Another memory was as boys' basketball coach.

"I remember beating Jamestown at Jamestown and that as a big thing for the boys from the country," Asquith said.

Now his basketball coaching is on the girls' junior varsity level and as an assistant for varsity coach Mark Petersen.

"Guys like him is why I've hung I there" Asquith said about Petersen. "He's a pleasure to work with and he's my kind of guy in that he's a student of every sport that he coaches. He really gets into it. He'll ask me for advice, but he knows more than I do."

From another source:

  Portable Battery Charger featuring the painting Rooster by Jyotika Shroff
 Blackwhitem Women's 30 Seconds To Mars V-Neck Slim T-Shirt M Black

Petersen knows plenty about Asquith.

"To find a way to describe working with this guy is hard to do," he said. "He's definitely an icon in the coaching world and the teaching world, that's the only way to describe it. He's one of my best friends in the world and I can't imagine my life without that guy in it."

But will there be more memories for Asquith after this school year?

"I know why I'm doing it, it's good for me personally," Asquith said about contemplating a 51st season of coaching. I guess the one thing that would make me say I've been here long enough is if I feel I am somehow out of touch or I feel like I'm not up to what I'm supposed to do. Then I will seriously consider it (retiring from coaching). Have I thought about it? Yeah, I have."

When asked how valuable Asquith has been to the Cassadaga Valley athletic program, Athletic Director Dan Massey said, "There are no words that can say it."

And he notes that Asquith personifies an old saying.

"We don't stop playing because we get old. We get old because we stop playing," Massey said, "and Art's never stopped playing."